出版した著者の座談会「自分の本をつくる方法」卒業生

日々、自由大学にはさまざまな自由人たちが集います。この日は人気講義「自分の本をつくる方法」の卒業生が訪れました。パリ在住の「イラストレーター、絵本作家」たなか鮎子さんと、著者、経営者など複数の顔を持つ「時間ミニマリスト」若杉アキラさんのおふたりを迎えて、教授の深井次郎さんがゆるりとお話をお聞きしました。

左から、たなか鮎子さん、深井次郎、若杉アキラさん

 

人はいつから作家になるのか
あるいは誰もがすでに作家なのか


深井:
今回は鮎子さんがパリから、新しい絵本の出版と個展のために一時帰国。さっき旦那さんのクリスさん(メキシコ人)も、みんなでご飯会をしてきまして。その流れで二次会として自由大学に移動して「まったり著者トークでもしよう」ということになったんです。

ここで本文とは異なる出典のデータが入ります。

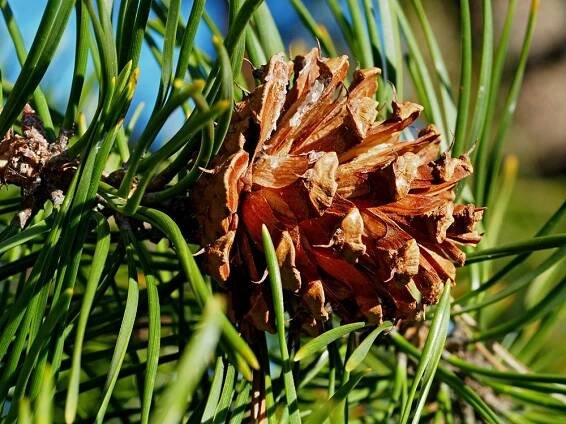 Borovice pokroucená Pinus contorta | Blanokřídlí v Praze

たなか:年に数回しか帰国しないし、パリ暮らしでは最近もくもくと制作作業で引きこもっているので、いろんな方とお話しできるのが楽しい。

若杉:鮎子さんの個展、よかったです。ぼくも写真展をやるので刺激になりました。

深井:さて、鼎談テーマは「作家のはじめかた」にしましょうか。

すでに最初からお客さんが付いているなら、話は早いんです。プロとして約束した〆切もあるし、仕事を達成するモチベーションがあるので続きます。でも、たいていのアーティストは、クライアントが付いていません。最初、誰に頼まれたわけでもないわけで、自分のお尻は自分で蹴りださなくてはいけません。スタート時の「何者でもない期間」をどう乗り越えましたか? おふたりにも、実績も肩書もない、自分で名乗るのも気がひけるような、そんな心細い時期があったかと思います。

鮎子さんは、大卒後、会社員としてデザインの仕事をしていましたが、「イラストレーター」としてキャリアはいつ頃から?

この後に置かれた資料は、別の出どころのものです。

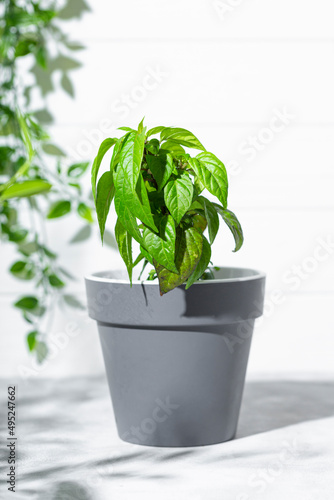 Hot red pepper plant with flowers in a pot. Growing vegetables at home, vegetable garden at home, vertical photo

たなか:2000年にボローニャ国際絵本原画展で入選したのを「イラストレーター」としてのスタートと考えているので、ちょうど20年くらい経ちます。



深井:国際的なタイトルをとったことが、人前で「イラストレーター」と名乗り始めるきっかけだったんですね。

たなか:自分の絵、名前で認められたのがはじめてだったので、自信になりました。それでも、すぐに仕事になったわけではないのですが。自分のホームページに描いた絵を公開していて、入選をキッカケとして見てくれる人が増えたなと感じました。最初に出版した絵本も、この繋がりで仕事をいただきました。

こちらの絵本は2019年10月に発売された『クリスマスマーケットのふしぎなよる』(講談社刊)

こちらの絵本は2019年10月に発売された『クリスマスマーケットのふしぎなよる』(講談社刊)

 

深井:若杉さんは? 最初はブログを書き始めたけど、読者はぼくも含めまわりの友人知人くらいでしたよね。読者が少なくてもモチベーションは保てた?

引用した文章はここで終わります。